◆ Task brief
Take the entries below and print only the lines from the one with "2017 Ram 1500" through the one with "Bruselas presenta la", exactly as they stand, both ends included.

(Short web captions)
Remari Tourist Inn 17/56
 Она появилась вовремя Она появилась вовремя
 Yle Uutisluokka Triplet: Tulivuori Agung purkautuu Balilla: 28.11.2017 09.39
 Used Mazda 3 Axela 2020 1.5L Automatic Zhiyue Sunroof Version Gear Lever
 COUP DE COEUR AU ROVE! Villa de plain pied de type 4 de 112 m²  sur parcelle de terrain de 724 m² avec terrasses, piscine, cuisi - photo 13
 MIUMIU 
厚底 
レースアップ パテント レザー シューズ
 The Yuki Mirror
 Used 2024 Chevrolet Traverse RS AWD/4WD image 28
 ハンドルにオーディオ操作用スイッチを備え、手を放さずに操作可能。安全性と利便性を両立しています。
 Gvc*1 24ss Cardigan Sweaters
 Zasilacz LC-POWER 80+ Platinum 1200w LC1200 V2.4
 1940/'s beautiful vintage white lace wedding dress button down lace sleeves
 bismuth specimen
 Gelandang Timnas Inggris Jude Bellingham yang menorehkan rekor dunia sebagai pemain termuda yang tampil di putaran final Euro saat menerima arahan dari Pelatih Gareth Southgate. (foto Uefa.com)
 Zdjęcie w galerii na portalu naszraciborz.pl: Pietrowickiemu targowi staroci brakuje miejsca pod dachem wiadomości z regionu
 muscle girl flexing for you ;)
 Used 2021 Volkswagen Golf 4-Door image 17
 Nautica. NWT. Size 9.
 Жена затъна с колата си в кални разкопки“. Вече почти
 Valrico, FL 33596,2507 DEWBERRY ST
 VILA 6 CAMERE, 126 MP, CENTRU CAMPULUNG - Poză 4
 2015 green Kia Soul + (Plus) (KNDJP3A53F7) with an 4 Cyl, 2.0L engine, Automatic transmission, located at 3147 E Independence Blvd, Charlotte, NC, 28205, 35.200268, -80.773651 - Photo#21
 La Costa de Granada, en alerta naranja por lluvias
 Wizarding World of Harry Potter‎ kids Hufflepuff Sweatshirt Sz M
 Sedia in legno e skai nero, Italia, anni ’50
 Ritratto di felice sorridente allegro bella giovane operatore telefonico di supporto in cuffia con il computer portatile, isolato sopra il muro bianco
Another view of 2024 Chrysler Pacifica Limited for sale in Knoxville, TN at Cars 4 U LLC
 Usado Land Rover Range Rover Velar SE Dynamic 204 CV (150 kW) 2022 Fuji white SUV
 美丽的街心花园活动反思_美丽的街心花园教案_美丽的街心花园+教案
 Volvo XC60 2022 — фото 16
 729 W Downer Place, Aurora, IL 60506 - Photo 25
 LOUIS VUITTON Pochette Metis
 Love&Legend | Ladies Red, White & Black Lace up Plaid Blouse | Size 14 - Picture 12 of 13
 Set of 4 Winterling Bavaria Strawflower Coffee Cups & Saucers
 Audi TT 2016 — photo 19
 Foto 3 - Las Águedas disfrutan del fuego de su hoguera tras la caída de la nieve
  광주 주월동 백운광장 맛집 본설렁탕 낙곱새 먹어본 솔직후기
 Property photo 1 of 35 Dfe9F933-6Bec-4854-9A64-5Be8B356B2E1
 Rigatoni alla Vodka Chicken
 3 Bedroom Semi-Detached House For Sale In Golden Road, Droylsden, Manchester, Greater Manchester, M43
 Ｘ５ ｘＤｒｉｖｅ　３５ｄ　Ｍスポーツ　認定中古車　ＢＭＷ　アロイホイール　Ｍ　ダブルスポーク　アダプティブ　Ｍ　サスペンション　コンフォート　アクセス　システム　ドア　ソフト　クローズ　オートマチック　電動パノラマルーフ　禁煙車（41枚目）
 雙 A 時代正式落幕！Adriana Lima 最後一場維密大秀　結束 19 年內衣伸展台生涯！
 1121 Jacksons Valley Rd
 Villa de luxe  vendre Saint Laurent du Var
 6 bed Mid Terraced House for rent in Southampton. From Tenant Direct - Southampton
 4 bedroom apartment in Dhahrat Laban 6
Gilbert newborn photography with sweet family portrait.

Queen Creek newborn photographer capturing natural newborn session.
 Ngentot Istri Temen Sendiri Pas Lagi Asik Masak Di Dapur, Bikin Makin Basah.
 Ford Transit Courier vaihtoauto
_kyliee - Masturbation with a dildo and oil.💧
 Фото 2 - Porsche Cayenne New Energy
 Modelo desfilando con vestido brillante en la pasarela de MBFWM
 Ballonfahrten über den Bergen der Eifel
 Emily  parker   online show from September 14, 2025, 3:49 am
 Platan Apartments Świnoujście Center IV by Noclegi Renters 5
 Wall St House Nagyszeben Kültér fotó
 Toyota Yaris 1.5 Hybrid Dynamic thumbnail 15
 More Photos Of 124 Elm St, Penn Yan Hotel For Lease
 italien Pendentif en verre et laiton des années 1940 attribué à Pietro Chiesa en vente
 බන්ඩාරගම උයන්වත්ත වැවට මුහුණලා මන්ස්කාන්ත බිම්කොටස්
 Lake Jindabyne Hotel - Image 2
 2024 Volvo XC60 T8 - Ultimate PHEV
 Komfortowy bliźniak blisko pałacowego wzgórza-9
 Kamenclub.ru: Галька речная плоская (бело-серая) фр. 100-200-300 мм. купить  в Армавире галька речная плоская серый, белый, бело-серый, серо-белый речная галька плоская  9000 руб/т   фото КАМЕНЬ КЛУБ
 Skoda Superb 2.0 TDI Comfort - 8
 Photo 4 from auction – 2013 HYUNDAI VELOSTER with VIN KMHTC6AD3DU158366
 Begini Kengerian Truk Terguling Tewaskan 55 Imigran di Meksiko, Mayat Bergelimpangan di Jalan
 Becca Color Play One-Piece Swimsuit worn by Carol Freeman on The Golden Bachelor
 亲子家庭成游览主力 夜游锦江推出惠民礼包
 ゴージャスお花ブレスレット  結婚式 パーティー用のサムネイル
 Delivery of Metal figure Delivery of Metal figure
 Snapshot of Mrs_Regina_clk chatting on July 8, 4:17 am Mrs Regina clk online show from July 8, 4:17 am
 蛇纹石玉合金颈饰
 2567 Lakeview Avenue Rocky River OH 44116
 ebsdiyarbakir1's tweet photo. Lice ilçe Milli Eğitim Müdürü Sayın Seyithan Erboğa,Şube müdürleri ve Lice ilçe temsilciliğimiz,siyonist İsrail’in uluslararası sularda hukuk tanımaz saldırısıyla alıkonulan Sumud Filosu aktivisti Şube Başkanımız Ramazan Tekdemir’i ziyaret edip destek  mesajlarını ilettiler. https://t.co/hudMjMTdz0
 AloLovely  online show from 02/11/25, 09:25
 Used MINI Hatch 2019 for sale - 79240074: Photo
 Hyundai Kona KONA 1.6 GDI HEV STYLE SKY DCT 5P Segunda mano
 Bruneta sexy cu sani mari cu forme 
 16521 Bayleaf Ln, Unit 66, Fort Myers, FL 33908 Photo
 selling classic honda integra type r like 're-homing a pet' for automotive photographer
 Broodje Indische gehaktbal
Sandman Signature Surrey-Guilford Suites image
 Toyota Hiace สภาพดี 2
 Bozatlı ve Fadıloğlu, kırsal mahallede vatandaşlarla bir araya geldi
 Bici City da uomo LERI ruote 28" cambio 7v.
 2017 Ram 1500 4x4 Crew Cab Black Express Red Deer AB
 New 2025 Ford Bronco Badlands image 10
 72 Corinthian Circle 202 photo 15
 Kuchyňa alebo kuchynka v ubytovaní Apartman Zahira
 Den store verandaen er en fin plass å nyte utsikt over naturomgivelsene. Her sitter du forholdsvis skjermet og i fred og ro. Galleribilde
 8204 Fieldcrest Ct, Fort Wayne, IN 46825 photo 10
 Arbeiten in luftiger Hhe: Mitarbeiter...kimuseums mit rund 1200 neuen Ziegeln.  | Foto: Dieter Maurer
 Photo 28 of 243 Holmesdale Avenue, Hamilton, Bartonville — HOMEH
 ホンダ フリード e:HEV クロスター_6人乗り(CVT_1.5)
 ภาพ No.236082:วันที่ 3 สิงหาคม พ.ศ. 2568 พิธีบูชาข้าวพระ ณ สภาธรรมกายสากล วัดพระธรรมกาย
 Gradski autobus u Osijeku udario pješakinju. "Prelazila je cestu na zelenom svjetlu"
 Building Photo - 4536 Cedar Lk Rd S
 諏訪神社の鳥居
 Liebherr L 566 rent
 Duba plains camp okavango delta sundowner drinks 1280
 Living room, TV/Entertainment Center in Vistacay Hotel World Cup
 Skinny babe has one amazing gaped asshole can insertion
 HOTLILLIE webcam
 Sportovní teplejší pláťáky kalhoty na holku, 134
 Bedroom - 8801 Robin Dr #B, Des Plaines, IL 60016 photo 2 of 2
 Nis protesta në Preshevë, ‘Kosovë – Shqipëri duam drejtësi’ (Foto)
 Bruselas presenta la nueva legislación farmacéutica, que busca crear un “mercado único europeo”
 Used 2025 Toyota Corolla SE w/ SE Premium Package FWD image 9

◆ Answer for the task
 2017 Ram 1500 4x4 Crew Cab Black Express Red Deer AB
 New 2025 Ford Bronco Badlands image 10
 72 Corinthian Circle 202 photo 15
 Kuchyňa alebo kuchynka v ubytovaní Apartman Zahira
 Den store verandaen er en fin plass å nyte utsikt over naturomgivelsene. Her sitter du forholdsvis skjermet og i fred og ro. Galleribilde
 8204 Fieldcrest Ct, Fort Wayne, IN 46825 photo 10
 Arbeiten in luftiger Hhe: Mitarbeiter...kimuseums mit rund 1200 neuen Ziegeln.  | Foto: Dieter Maurer
 Photo 28 of 243 Holmesdale Avenue, Hamilton, Bartonville — HOMEH
 ホンダ フリード e:HEV クロスター_6人乗り(CVT_1.5)
 ภาพ No.236082:วันที่ 3 สิงหาคม พ.ศ. 2568 พิธีบูชาข้าวพระ ณ สภาธรรมกายสากล วัดพระธรรมกาย
 Gradski autobus u Osijeku udario pješakinju. "Prelazila je cestu na zelenom svjetlu"
 Building Photo - 4536 Cedar Lk Rd S
 諏訪神社の鳥居
 Liebherr L 566 rent
 Duba plains camp okavango delta sundowner drinks 1280
 Living room, TV/Entertainment Center in Vistacay Hotel World Cup
 Skinny babe has one amazing gaped asshole can insertion
 HOTLILLIE webcam
 Sportovní teplejší pláťáky kalhoty na holku, 134
 Bedroom - 8801 Robin Dr #B, Des Plaines, IL 60016 photo 2 of 2
 Nis protesta në Preshevë, ‘Kosovë – Shqipëri duam drejtësi’ (Foto)
 Bruselas presenta la nueva legislación farmacéutica, que busca crear un “mercado único europeo”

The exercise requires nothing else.